I wanted to do some further training for my use case. I read this thread, so I checked out DeepSpeech 0.5.1 and installed Tensorflow 1.13.1 via pip. The additional training completed successfully and the model seems to work quite well when tested via the command line.
Now, I am unable to export my checkpoint to TFLite. I get the error “Exception: TensorFlow Lite currently doesn’t support control flow ops: Merge, Switch.”
I found some threads stating that this has been fixed in DeepSpeech 0.6, but I also understand from the above linked thread that my 0.5.1 model is not compatible with DeepSpeech 0.6.

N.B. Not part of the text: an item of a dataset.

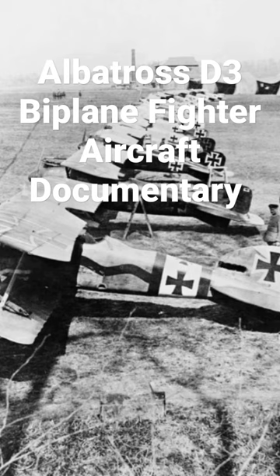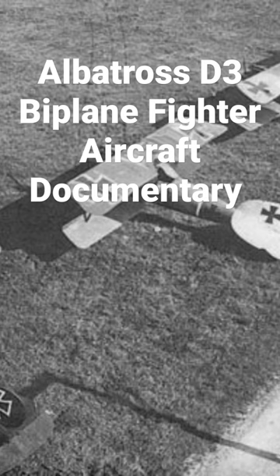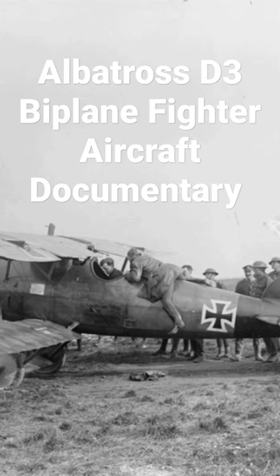The Albatross D-5 was a fighter aircraft built by the Albatross Flugzeugwerk and used by the Luftstreitkräfte Imperial German Air Service during World War I. The D-5 was the final development of the Albatross D-1 family and the last Albatross fighter to see operational service. Despite its well-known shortcomings and general obsolescence, approximately 900 D-5 and 1,612 D-5A aircraft were built before production halted in April 1918. The D-5A continued in operational service until the end of the war.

I wondered if using Mozilla’s TensorFlow fork would help, so I tried to build that but then had issues with building it, so I wanted to stop and ask before I struggled with that further.

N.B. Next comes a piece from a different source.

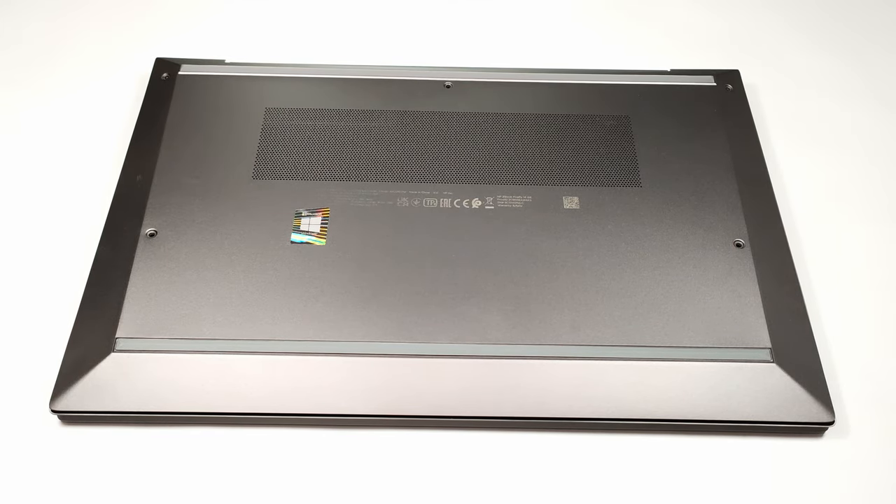Hello, this is LaptopMedia and today we will show you how to open the HP ZBook Firefly 14 G8.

So, is there a way for me to continue training a pretrained model, and then export it as a TFLite model?
Will Mozilla’s fork of TensorFlow help? Should I continue trying to build it?
I think this sounds like a good plan, I will try to continue training the 0.6a model.

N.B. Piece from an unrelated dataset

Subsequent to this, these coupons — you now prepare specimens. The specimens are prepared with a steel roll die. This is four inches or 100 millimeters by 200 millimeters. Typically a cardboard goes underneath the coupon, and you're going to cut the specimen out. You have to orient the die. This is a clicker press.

One question - when I originally trained from the 0.5.1 model, I downloaded the checkpoint and used that in addition to the released model files. Is the checkpoint available for 0.6a4?
lissyx
((slow to reply) [NOT PROVIDING SUPPORT])
4
Sorry, I think I must be misunderstanding something.
How is it possible for me to follow the suggestion from @kdavis without the checkpoint? Is it possible for me to use the 0.6a4 output_graph.pb and 0.6a4 codebase, but train from the 0.5.1 checkpoint? I assumed this would be incompatible.
To continue training you’ll need to patch the tf.train.Saver to be able to match the 0.5.1 variable names with the names on master. I don’t know how it’ll interact when saving the new checkpoints though, maybe you’ll want to have two separate savers, one for loading the 0.5.1 checkpoint initially and then one for saving the checkpoints from your fine tuning run. In any case, it’ll require some light modification of the code. I’m attaching the patch with the logic applied to the export function, which is how we got the 0.6a4 exported models for testing, but for your use case you’ll want to apply the same logic to the Saver used during training.
I gave this a try and was able to successfully export the tflite model (meaning that there were no command line errors during the export process).
However, the tflite model isn’t working on the Android device (I’m using the Android mozillaspeechlibrary). It looks like the constructor in DeepSpeechModel.java is unsuccessful. Specifically, at the end of the constructor, this._msp is still null, which causes a null pointer exception later.
I simply replaced the old .tflite file with the new one in the device storage - perhaps I need to do something else to make the new model work?
output_graph.pb results, for comparison:
WER: 0.019960, CER: 0.008225, loss: 1.638512
Seems like the .tflite model is working great, so I guess it’s something in Android. I haven’t actually changed the Android code at all from the demo, so I’m not sure what the issue would be there. It seems like the call to impl.CreateModel() in the DeepSpeechModel constructor is running into a problem, which causes _msp to be null. I’m honestly not familiar with using a JNI - I traced that CreateModel() function back as far as I could but it looks like it’s a native function declared in libdeepspeech.jar. Can I somehow view the native CreateModel function so I can try to debug it?